Closed ahhurlbert closed 9 years ago
If you can describe what we want to extract I'd be happy to take a go at ripping it out.
Below is the format of the data. Numbered site with site name in all caps. Really we want to pull out everything between "Census:" and "Total:", as well as the list after "Visitors:". But note below that because the pdf is on the older side, there are many issues with spacing of words and letters. For example, below is the text "Pacific-slopFe lycatcher2", which should be "Pacific-slope Flycatcher 2". Hard to imagine resolving all these typos purely computationally, especially when letters from one word are getting inserted inside the previous word.
Ok, I think this is now doable if you have time to work on it. I just cleaned up the pdf using Acrobat's internal OCR, and then copying and pasting the text seems to work fine.
So here is a first take at what we want to pull out. Could be two files linked by Site Number and Year, or could be one big flat file, whatever is easiest:
Site Number Location Latitude Longitude Coverage_NumHrs Coverage_NumVisits Richness # after "Total: " and before " species;" Num_territories # after " species; " and before "territories"
Then everything following "Census:" should be pulled out into the following fields Species # species names listed in the "Census" section but also in the "Visitors:" section Mean_abundance # (following a ", " ) Max_abundance # (inside parentheses) Visitor # 0 for all spp from the "Census" section, 1 for all spp from the "Visitors" section
(NB: Not all accounts have a Visitors section)
Last point is that each pdf file is for a different year, so presumably this is all being done within a year loop. Need to make sure you add a Year field to store that info too.

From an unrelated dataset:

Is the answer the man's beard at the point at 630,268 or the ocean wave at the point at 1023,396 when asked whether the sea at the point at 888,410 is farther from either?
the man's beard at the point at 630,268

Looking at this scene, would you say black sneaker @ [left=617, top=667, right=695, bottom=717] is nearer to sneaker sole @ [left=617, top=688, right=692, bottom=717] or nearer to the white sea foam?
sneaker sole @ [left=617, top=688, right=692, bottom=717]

I put two sample pdfs in the data subrepo > raw_datasets > BBC_pdfs folder.
UPDATE: I worked on this all the way back from CA yesterday. I've made some decent progress including further improving the OCR using tesseract and starting to extract chunks from the text. Successfully parsing this automatically is definitely a bit tricky, but I'm making progress.
Current state of the code is here: https://github.com/ethanwhite/core-transient/blob/text-mining/bbc-text-mining.py
This is a pretty gnarly problem. I like it :smiling_imp:
Notes:
@ethanwhite Awesome that you are tackling this. Ethan, I introduce to you Molly @mollyfrn, who is interested in these BBC data. She is currently going to start tracking down more pdfs for censuses before 1988 and after 1996. Molly, see if you can compile the bolded title words Ethan is referring to. If there's anything you're unclear on, you can just ask in a comment here on the Github issues page!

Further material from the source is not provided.